▶ TRY IT:
Every line of the entries below that carries the string "Photo" should be copied.

[Caption-style text data]

───

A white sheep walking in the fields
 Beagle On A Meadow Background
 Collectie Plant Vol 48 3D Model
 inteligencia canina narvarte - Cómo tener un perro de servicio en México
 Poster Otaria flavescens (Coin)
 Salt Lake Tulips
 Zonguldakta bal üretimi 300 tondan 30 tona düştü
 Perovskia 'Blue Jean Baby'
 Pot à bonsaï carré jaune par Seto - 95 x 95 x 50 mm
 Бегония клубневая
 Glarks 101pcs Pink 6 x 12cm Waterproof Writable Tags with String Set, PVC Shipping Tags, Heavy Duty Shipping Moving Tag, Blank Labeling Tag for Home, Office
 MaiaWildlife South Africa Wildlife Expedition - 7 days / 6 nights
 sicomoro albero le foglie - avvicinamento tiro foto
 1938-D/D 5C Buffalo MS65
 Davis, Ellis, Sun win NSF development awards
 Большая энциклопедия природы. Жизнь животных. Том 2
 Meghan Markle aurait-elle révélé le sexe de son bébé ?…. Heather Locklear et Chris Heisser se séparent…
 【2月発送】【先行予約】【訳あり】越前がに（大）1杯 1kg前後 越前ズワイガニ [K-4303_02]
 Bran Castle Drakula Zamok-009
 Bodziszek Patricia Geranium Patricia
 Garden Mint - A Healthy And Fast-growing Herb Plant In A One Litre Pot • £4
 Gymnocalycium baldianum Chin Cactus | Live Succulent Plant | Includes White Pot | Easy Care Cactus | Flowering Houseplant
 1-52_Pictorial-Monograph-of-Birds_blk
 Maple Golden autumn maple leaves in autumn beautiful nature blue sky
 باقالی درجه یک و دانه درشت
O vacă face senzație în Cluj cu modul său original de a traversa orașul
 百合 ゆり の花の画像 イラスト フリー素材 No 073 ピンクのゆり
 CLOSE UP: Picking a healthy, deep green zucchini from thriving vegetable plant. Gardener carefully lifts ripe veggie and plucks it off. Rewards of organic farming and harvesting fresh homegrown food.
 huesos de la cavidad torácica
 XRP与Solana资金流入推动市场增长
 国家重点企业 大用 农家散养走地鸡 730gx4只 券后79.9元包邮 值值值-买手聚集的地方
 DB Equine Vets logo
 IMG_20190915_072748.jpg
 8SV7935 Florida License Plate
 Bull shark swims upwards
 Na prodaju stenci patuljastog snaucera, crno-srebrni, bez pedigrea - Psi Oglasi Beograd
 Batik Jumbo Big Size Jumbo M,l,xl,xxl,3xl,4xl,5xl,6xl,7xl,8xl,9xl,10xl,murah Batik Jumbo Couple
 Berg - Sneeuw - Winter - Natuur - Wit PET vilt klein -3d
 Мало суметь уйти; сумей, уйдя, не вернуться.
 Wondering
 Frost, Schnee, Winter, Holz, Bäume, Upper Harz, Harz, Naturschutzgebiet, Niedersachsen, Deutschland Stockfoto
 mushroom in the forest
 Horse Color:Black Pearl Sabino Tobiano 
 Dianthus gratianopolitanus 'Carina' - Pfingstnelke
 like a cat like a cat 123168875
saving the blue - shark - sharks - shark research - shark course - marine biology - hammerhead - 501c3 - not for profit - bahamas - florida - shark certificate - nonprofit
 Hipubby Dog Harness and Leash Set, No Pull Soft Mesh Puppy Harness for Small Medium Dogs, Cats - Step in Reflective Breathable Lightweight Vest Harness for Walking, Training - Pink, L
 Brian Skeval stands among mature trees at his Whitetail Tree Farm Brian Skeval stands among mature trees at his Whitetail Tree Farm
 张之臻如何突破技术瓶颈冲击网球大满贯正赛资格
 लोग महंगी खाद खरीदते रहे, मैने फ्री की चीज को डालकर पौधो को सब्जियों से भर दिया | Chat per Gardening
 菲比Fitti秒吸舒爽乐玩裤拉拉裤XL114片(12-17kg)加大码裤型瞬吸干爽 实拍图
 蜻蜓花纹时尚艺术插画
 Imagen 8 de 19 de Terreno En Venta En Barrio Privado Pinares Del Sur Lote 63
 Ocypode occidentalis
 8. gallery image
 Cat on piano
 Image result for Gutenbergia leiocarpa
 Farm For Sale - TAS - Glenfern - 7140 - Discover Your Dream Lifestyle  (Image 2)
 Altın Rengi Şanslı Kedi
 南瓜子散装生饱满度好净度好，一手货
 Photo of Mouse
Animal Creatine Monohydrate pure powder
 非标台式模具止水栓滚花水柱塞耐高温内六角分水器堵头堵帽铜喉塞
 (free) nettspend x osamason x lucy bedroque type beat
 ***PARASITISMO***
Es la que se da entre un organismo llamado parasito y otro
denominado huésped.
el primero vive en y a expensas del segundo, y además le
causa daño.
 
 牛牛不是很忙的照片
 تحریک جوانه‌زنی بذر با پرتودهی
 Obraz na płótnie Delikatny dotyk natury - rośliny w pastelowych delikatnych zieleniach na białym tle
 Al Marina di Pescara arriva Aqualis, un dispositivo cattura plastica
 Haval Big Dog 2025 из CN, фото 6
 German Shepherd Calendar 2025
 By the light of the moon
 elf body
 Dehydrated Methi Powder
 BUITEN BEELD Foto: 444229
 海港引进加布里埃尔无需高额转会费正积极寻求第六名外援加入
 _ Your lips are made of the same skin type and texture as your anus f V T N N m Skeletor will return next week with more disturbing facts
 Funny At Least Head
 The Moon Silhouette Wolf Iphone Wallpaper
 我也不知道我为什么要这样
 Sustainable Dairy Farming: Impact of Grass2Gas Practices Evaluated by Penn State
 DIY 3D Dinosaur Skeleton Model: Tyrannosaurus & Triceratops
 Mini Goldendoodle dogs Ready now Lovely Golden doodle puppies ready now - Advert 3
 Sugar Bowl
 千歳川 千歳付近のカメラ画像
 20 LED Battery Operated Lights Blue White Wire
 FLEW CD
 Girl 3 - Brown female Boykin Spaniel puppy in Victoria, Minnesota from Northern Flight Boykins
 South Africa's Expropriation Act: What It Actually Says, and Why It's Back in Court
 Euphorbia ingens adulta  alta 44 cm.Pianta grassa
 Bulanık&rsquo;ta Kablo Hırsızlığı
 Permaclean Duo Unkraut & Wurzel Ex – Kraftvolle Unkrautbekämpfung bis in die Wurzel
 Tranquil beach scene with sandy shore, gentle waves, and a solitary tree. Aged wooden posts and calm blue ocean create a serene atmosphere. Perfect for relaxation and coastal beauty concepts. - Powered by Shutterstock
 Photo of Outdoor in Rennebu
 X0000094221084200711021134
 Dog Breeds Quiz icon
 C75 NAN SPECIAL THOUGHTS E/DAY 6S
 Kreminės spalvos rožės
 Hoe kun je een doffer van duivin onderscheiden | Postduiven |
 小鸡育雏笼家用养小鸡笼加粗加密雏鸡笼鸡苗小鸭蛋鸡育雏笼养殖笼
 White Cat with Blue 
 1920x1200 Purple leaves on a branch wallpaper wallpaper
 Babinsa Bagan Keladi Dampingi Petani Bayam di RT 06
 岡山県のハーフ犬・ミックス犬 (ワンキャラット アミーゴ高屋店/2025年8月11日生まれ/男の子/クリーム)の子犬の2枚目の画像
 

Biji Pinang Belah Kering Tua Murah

───

▶ RESULT OF THE TASK:
 Photo of Mouse
 Photo of Outdoor in Rennebu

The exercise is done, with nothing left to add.